JAKARTA, HUMAS MKRI – Sebanyak 47 mahasiwa hukum yang tergabung dalam Australian Consortium for ‘In-Country’ Indonesian Studies (ACICIS) untuk ketiga kalinya melakukan kunjungan ke Mahkamah Konstitusi (MK). Pada kesempatan itu, rombongan ACICIS bertujuan menyaksikan langsung jalannya sidang pengujian undang-undang di MK pada Kamis (9/1/2020).
“Kunjungan kami adalah yang ketiga kali ke Mahkamah Konstitusi. Kali ini para siswa berkeinginan melihat langsung jalannya sidang pengujian undang-undang,” kata pimpinan rombongan, Paramitha Mulia.
Selanjutnya dengan dipandu staf protokol MK, para mahasiswa dan empat staf ACICIS diajak melihat sidang pengujian Undang-Undang Nomor 18 Tahun 2017 tentang Perlindungan Pekerja Migran Indonesia (UU PPMI). Beberapa mahasiswa begitu terkesan dengan prosedur beracara di MK yang tertib dan on time. Bahkan ada yang memuji ketegasan Hakim MK saat memberikan masukan dan nasihat kepada para Pemohon.

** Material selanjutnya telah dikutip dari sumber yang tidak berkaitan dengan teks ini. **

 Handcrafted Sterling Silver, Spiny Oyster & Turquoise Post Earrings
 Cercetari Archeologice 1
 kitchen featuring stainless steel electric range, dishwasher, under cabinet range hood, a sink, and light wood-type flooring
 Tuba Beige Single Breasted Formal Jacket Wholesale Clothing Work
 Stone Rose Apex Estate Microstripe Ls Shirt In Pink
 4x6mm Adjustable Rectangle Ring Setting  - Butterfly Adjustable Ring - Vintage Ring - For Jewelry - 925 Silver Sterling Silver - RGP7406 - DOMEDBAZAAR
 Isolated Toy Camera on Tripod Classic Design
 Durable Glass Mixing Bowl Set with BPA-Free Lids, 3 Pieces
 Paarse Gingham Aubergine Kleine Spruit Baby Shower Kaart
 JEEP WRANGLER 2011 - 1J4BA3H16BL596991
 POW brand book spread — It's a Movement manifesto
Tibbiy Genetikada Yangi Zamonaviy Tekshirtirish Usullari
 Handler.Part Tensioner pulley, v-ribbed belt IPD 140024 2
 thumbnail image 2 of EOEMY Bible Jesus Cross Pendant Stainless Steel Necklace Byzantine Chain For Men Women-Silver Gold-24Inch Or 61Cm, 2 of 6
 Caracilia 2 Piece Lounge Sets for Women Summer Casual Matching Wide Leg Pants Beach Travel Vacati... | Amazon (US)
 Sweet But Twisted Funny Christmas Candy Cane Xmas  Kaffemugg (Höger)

“Peradilan unik dan menarik dari Mahkamah Konstitusi. Setidaknya kami bisa belajar langsung melalui persidangan MK,” kata salah seorang mahasiswa.
Usai menyaksikan sidang di MK, rombongan kembali menuju ruang delegasi di lantai 4 Gedung MK untuk menerima materi mengenai berbagai hal terkait Mahkamah Konstitusi. Peneliti senior MK, Pan Mohamad Faiz menerangkan empat kewenangan dan satu kewajiban MK. Faiz menjelaskan, kewenangan utama MK adalah menguji undang-undang terhadap Undang-Undang Dasar.
Berikutnya, ada kewenangan MK memutus perselisihan sengketa antara lembaga negara yang kewenangannya diberikan oleh UUD Negara Republik Indonesia Tahun 1945. Kemudian MK juga berwenang memutus pembubaran partai politik. “Di era Presiden Soekarno dan Presiden Soeharto misalnya, pembubaran partai politik pernah dilakukan dengan mekanisme politik. Namun setelah reformasi dan dibentuknya MK Republik Indonesia, pembubaran partai politik harus dilakukan melalui mekanisme hukum,” jelas Faiz.
Faiz melanjutkan, MK juga berwenang memutus perselisihan hasil pemilihan umum. Menurut Peraturan Mahkamah Konstitusi (PMK). putusan MK mengenai permohonan atas perselisihan hasil Pemilu Presiden dan Wakil Presiden diputuskan paling lambat 14 (empat belas) hari kerja sejak permohonan dicatat dalam Buku Registrasi Perkara Konstitusi (BRPK). Sedangkan putusan Mahkamah Konstitusi mengenai permohonan atas perselisihan hasil Pemilu diputuskan paling lambat 30 (tiga puluh) hari kerja sejak permohonan dicatat dalam BRPK.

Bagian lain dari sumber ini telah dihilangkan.